Exercise instructions:
Omit the pictures and return every entry exactly as written.

Records excerpted from a collection:
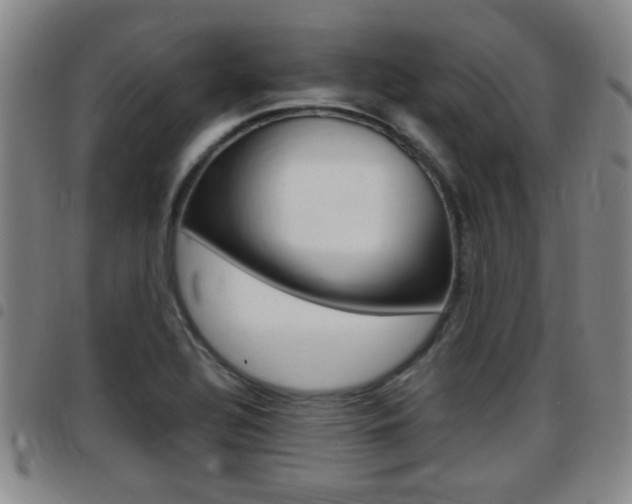 X0000097881320200803140933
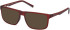 Timberland TB50029-H sunglasses in Matte Dark Red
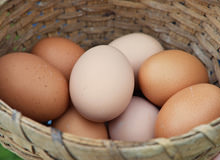 Why Eggs Are Considered A Superfood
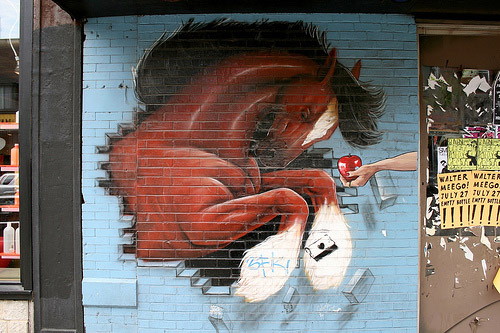 Horse Graffiti Horse Graffiti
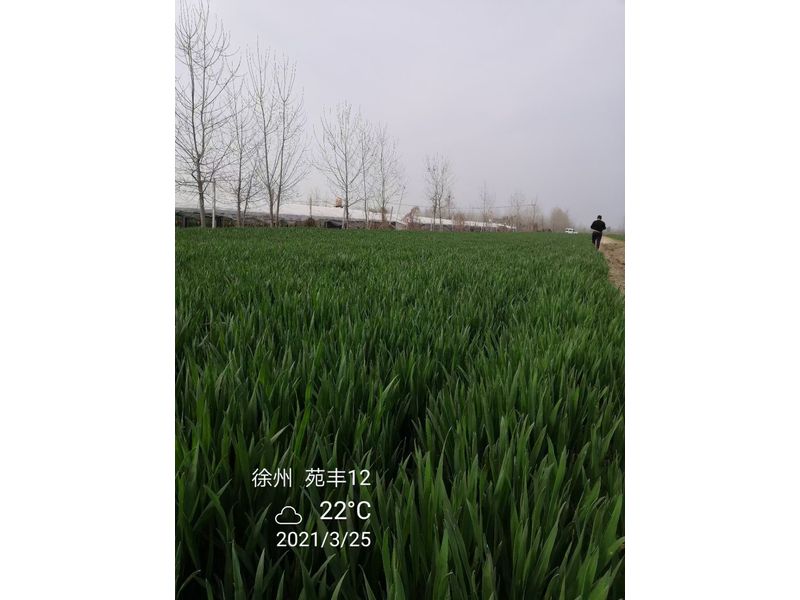 苑豐12，徐州試驗(yàn)大田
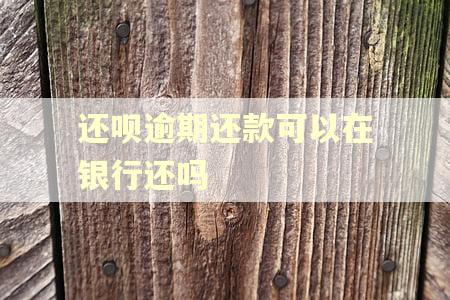 还呗逾期还款可以在银行还吗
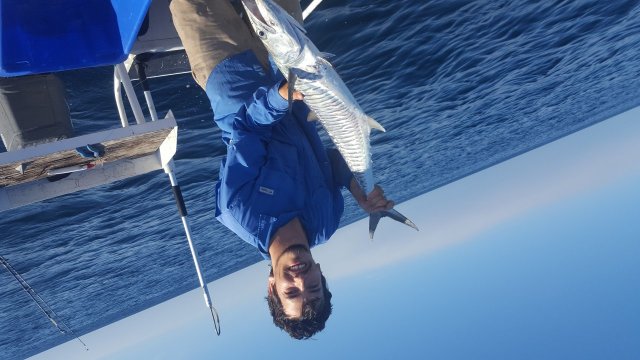 Mackeral save the day Mackeral save the day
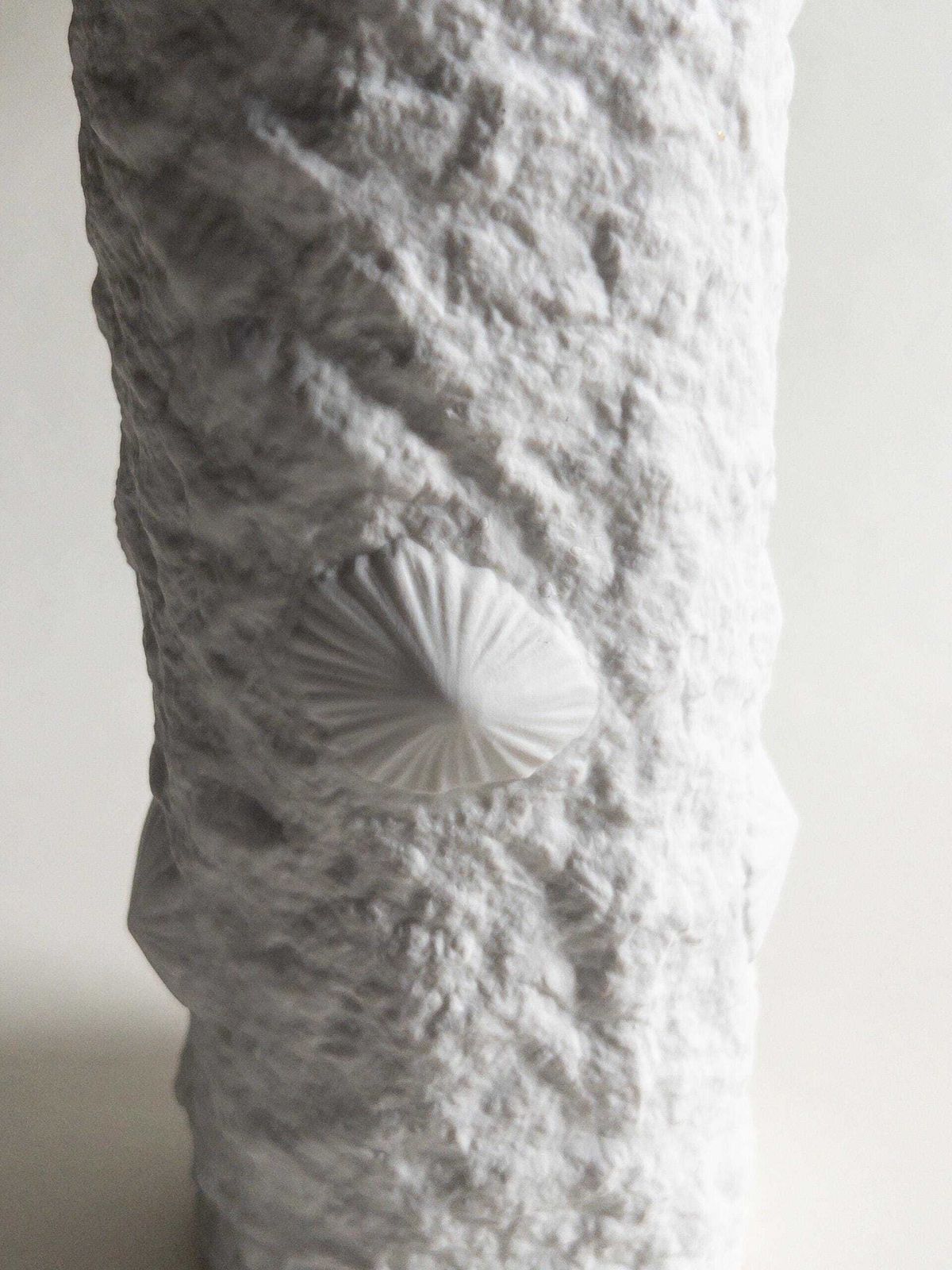 Home Decor Hutschenreuther White Porcelain Bisque Op Art Vase With Beach Limpet Shells photo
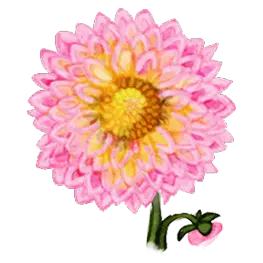Dessin d'un dahlia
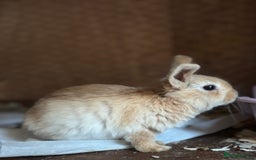 Mixed Breed rabbits for sale: Lion lop x Holland lop (Ready now) - Image 2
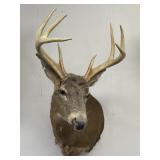 8-Point Taxidermy Buck Head Mount.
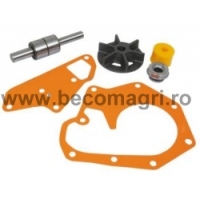 Kit reparatie pompa apa John Deere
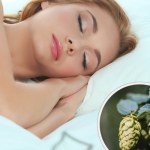 Idealna herbata na wieczór. Naturalnie wycisza i ułatwia zasypianie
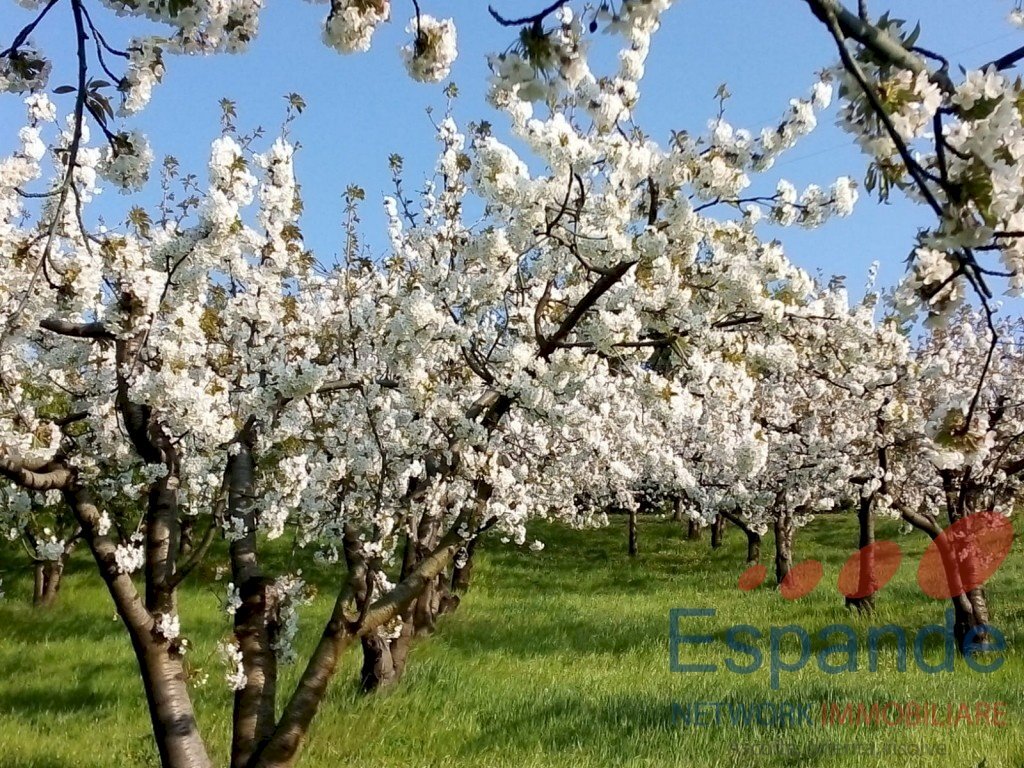 Magazzino Valsamoggia - foto 1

Answer for this exercise:
 X0000097881320200803140933
 Timberland TB50029-H sunglasses in Matte Dark Red
 Why Eggs Are Considered A Superfood
 Horse Graffiti Horse Graffiti
 苑豐12，徐州試驗(yàn)大田
 还呗逾期还款可以在银行还吗
 Mackeral save the day Mackeral save the day
 Home Decor Hutschenreuther White Porcelain Bisque Op Art Vase With Beach Limpet Shells photo
Dessin d'un dahlia
 Mixed Breed rabbits for sale: Lion lop x Holland lop (Ready now) - Image 2
 8-Point Taxidermy Buck Head Mount.
 Kit reparatie pompa apa John Deere
 Idealna herbata na wieczór. Naturalnie wycisza i ułatwia zasypianie
 Magazzino Valsamoggia - foto 1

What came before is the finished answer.